-------- Original Message --------
Subject: Re: changes to TPE before last call.
From: David Singer <
singer@apple.com>
Date: Mon, February 10, 2014 11:49 pm
To: "
public-tracking@w3.org (
public-tracking@w3.org)"
<
public-tracking@w3.org>
Cc: "Matthias Schunter (Intel Corporation)" <
mts-std@schunter.org>
On Feb 6, 2014, at 18:10 , Mike O'Neill <
michael.oneill@baycloud.com> wrote:
> David,
>
> Even with the multi-iframe method "at the time of the call" is not testable
> because the API will be called in the context of different frames probably
> handled by separate servers. The frame may be dynamically created by script
> in the first document origin when consent is given but the API will be
> called by script in another origin initiated by code executing in another
> server.
But it is observable.
>
> There are also better ways to do it than dynamically creating multiple
> frames, especially if there are a large number of domains to register
> consent in. There are thousands of sites in the P&G use-case and it would be
> better to encourage them to use the UGE than forcing them to rely on a less
> transparent OOBC.
Sure. I only gave frames as one example. But in some cases, perhaps an OOBC is needed.
I won’t critique your text yet, because I am still struggling to know what you are trying to fix.
* I understand you want to make some minor adjustments to the text, to align with the definitions of party, site, and so on. (Probably fine).
* I think you perceive a possible ambiguity over the word ‘each’ (though I don’t see it myself).
* I think I have understood two different requests:
a) do something to make it simpler for organizations with multiple distinct and domain-name-unrelated sites to request, and register, an exception for all or many of them in one go
b) make it permissible to register an exception at a time that is undoubtedly different from the time when the consent was granted
On the last, I think you are proposing (b) as a solution to (a), allowing an organization to get consent for a whole slew of sites, and then, as the user visits some of them (later), register the exception in a kind of ‘lazy binding’ way.

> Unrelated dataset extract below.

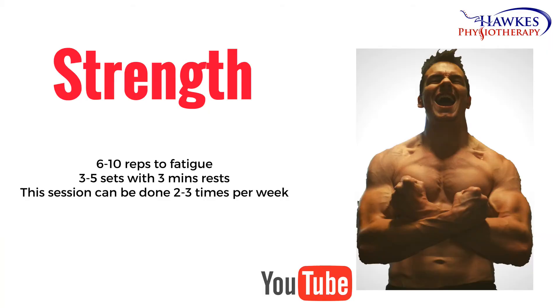For strengthening, you should perform six to ten reps to fatigue. You should perform three to five sets with three minutes rest. This session can be done two to three times per week.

It is, on the face of it, a neat idea, but I think it suffers from at least two problems. (1) How do we know that the user still agrees/consents? Any exception deletion would have happened on another, unrelated (by name) site that this site cannot check. (2) Indeed, how do we even remember that the user consented once? A cookie has the same scoping as the exception request, and if I could have set a cookie at the time of consent, I could have set an exception. If I am recording the consent in ‘some other way’, I am effectively behaving as if I have OOBC, and then making that in-band at the time of first visit, later. I am not sure that that is a good idea.

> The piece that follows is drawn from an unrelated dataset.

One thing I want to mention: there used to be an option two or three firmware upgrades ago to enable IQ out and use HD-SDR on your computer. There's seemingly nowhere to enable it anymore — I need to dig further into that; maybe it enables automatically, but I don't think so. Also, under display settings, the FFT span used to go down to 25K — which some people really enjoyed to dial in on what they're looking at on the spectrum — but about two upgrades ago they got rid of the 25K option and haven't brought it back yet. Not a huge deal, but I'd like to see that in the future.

I am obviously highly hesitant to blow a hole in between the consent and the recording of it, for all sites, in order to fix a problem with a small number of them — especially if the fix doesn’t really fix it for them, either. I think introducing that gap introduces a whole slew of problems and questions: how long, for example?
I also think we’re past the threshold for opening new issues on old text (i.e. text that existed when we closed the issue list); I know we’ll open new issues on things that arise as a consequence of other issue fixes, but this doesn’t fall into that category, either.
I think we have at least two solutions for the multi-site corporation problem (a) out-of-band consent or (b) frames.
Can you help me (us) understand what you are trying to fix or improve, first? Thanks
David Singer
Multimedia and Software Standards, Apple Inc.